And he just refused to read the damn thing rather than know that it said that before he made this decision that was apparently all political.
He thought he would look tough if he capitulated.
Yeah, I think that that's that's just another indicator of the reality that that he was basically putting forward this surge, this troop surge, not because he believed that it was an effective policy, but because the domestic bureaucratic politics were such that he was not prepared to buck the pressure from the military industrial complex.
Right.
In other words, he did it anyway, even though he knew better, as I like to call it.
Yeah.
In other words, he knew better.
He did it anyway because he's a murderer.
Anyway, he did it.
He did it because he certainly has a set of values that did not give him the strength of character to say no, that's for sure.
You sure are a kind gentleman of a reporter there, Gareth.
Well, I think that's that much we know for sure.
You know, of course, you know, he he does, in fact, lend himself to the charge that he's a murderer for obvious reasons.

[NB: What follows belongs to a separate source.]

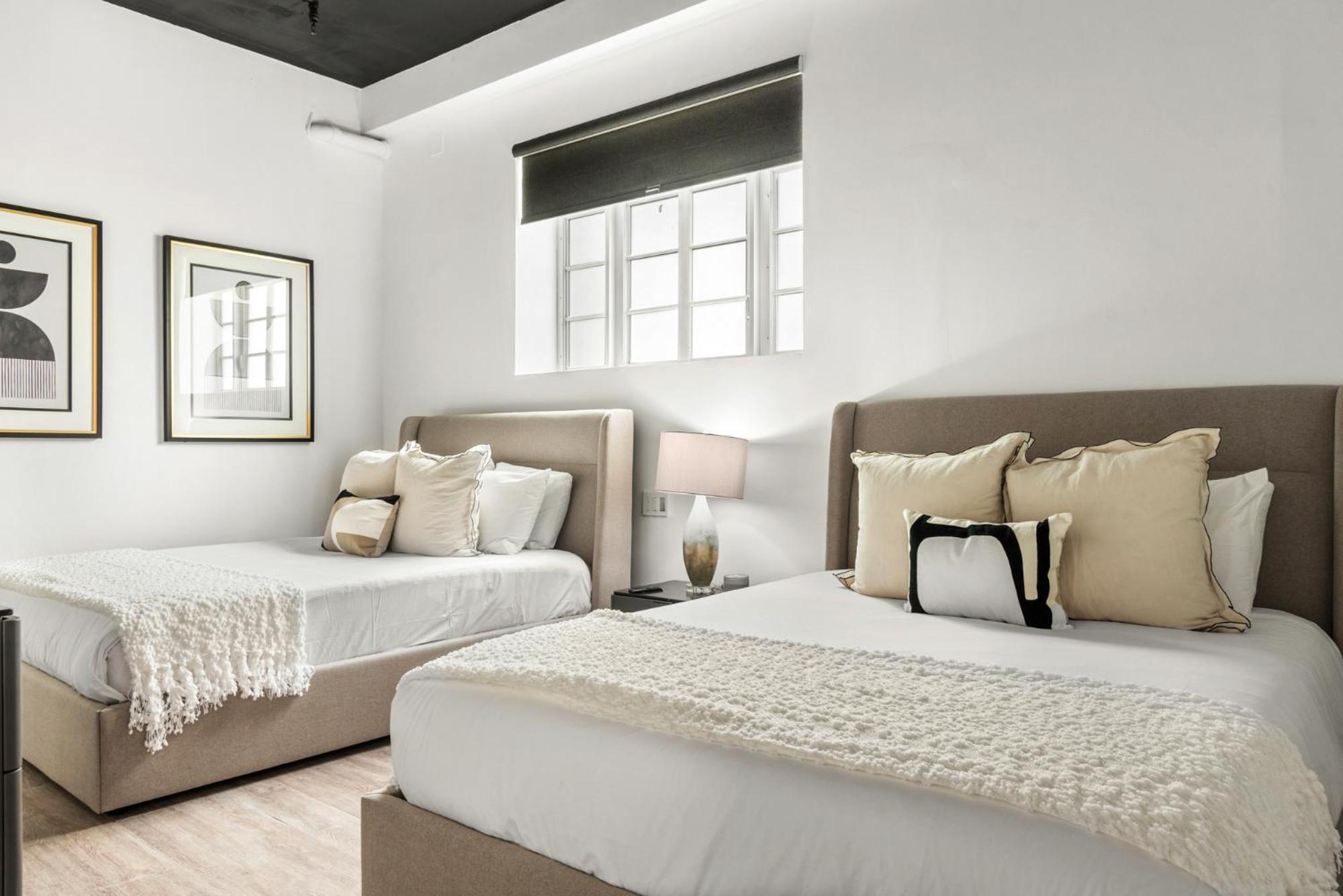 Luxuri Apartahotel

But the objective fact is that that he was unwilling and unable to stand up under circumstances where a stronger human being, a stronger leader should have and could have done so.
Which is so funny, because anybody who's actually the president ought to be able to, you know, summon that and just answer back.
No, I'm the president.
Therefore, I mean, my argument with everybody.
Right.
He's a commander in chief.
If it comes down to does he have the power to hire people to torture Somalis in a dungeon beneath Mogadishu, he has all the power in the world or to ignore Congress on the war in Libya, then he can do anything.
Right.
But stand up to his own generals on a war that they want.
Oh, no.
But look, I mean, to me, the worst the worst aspect of that situation, from the point of view of reflecting his on his character, is that he was smart enough to understand that this was not going to work.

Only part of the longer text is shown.